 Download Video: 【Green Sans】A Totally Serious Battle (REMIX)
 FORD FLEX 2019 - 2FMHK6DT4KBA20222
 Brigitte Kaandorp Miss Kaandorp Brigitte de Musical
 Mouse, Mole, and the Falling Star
==
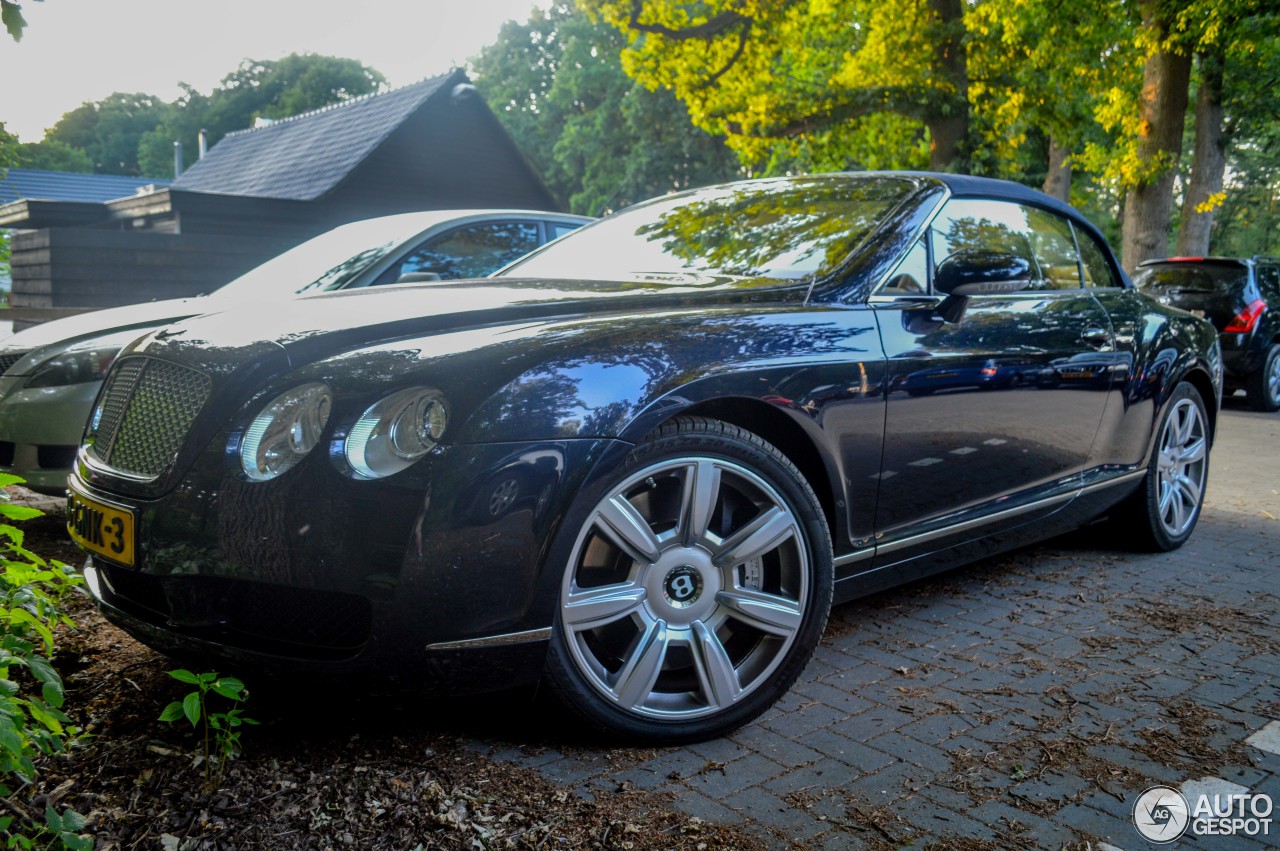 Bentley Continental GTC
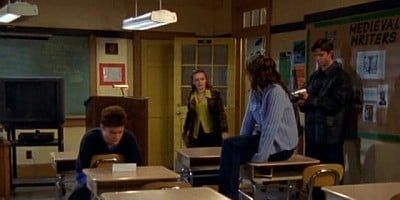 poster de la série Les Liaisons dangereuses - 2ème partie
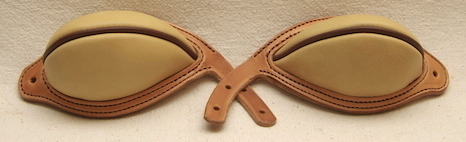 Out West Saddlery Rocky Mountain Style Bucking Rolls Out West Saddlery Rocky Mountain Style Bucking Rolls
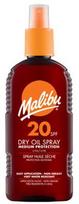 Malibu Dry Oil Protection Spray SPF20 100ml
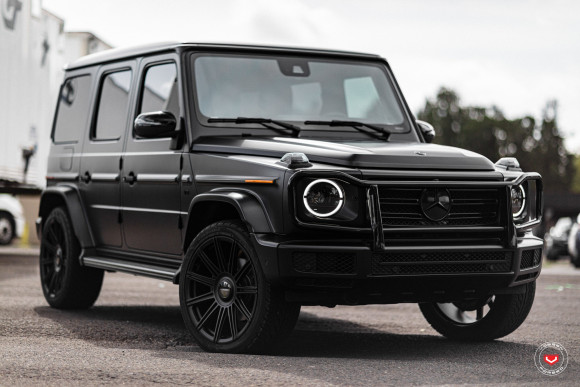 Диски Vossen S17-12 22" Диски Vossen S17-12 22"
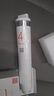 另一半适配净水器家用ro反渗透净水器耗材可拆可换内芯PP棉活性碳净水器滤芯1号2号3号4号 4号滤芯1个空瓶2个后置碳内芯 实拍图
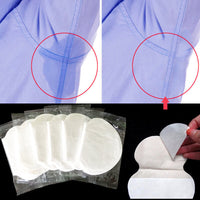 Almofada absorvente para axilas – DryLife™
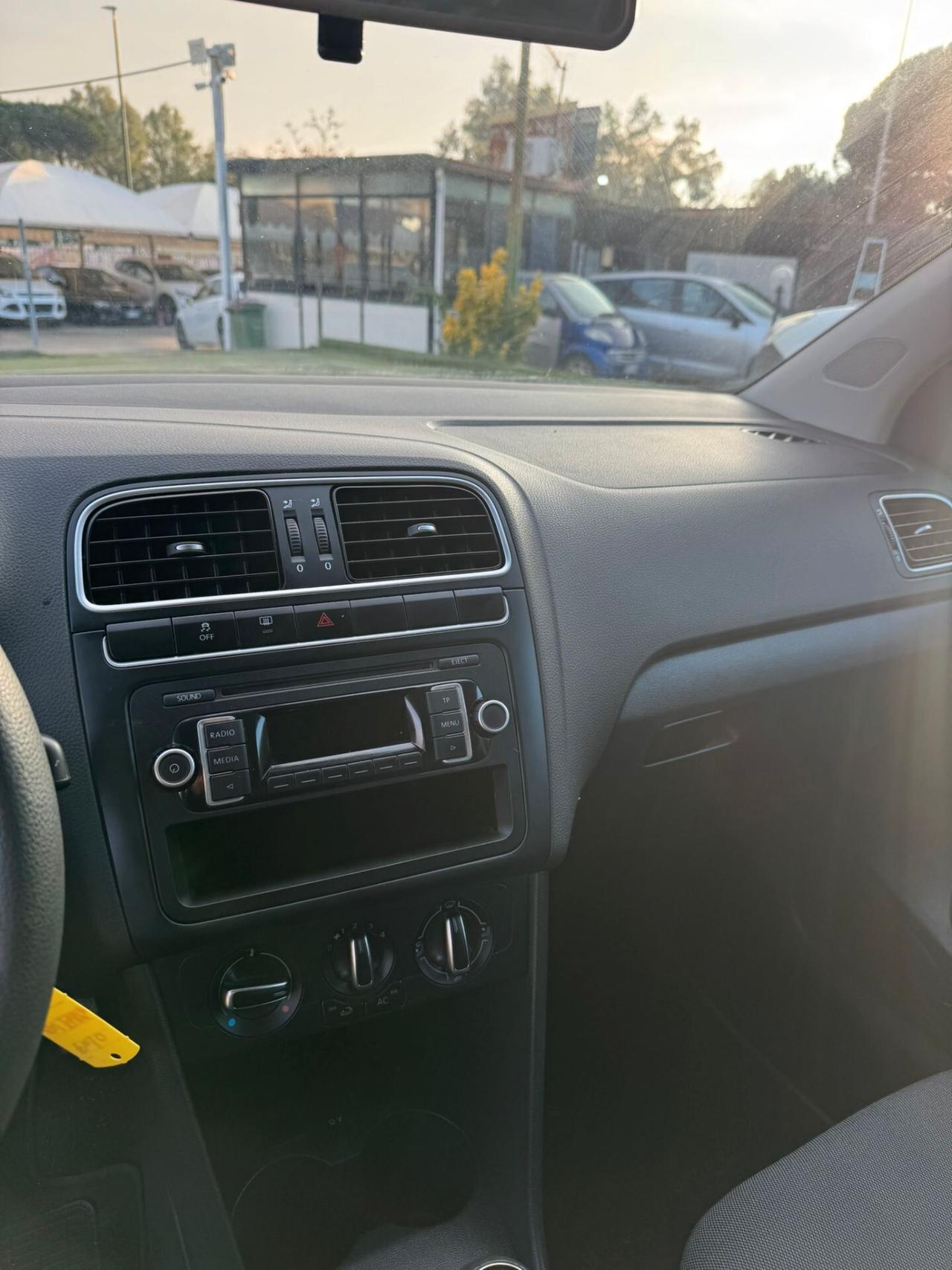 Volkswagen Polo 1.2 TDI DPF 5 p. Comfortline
--
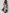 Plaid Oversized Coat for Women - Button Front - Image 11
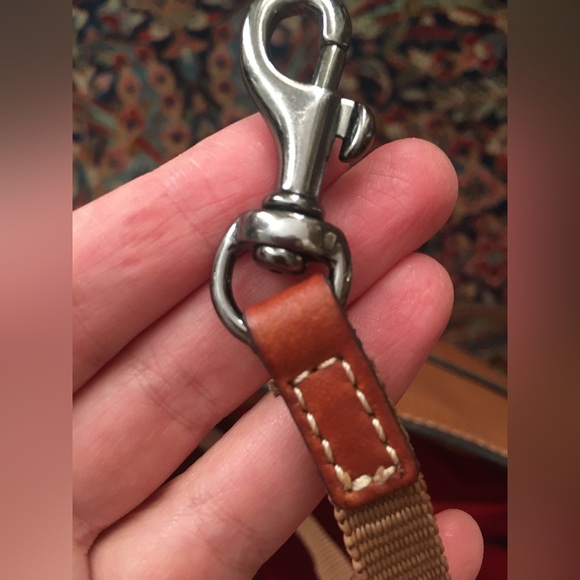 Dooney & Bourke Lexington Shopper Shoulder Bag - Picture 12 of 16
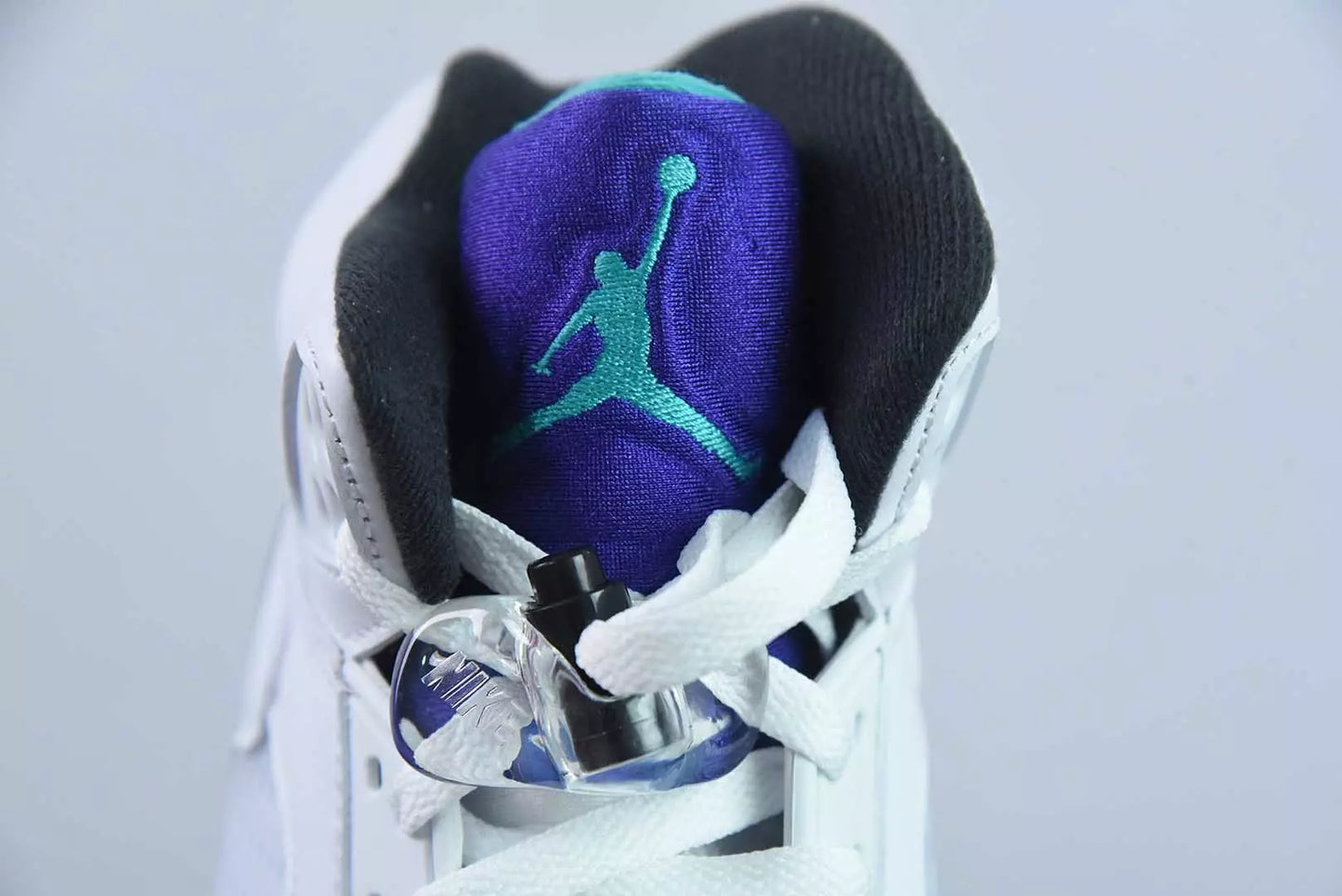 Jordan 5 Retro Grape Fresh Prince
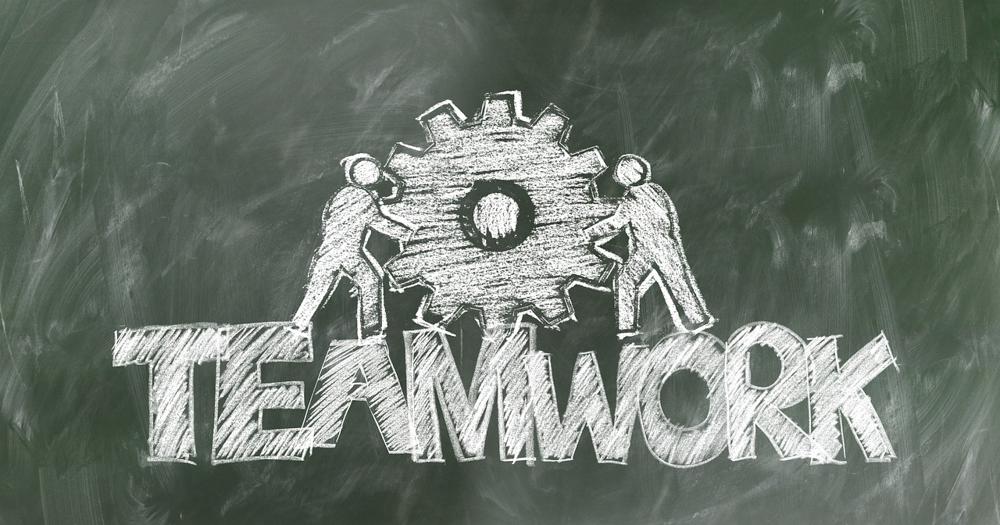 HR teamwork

● Exercise objective
Reproduce, word for word and in full, only the lines above that start at the line with "FORD FLEX 2019 - 2FMHK6DT4KBA20222" and run through the line with "Mouse, Mole, and the Falling Star", both ends included.

● Response to this task
 FORD FLEX 2019 - 2FMHK6DT4KBA20222
 Brigitte Kaandorp Miss Kaandorp Brigitte de Musical
 Mouse, Mole, and the Falling Star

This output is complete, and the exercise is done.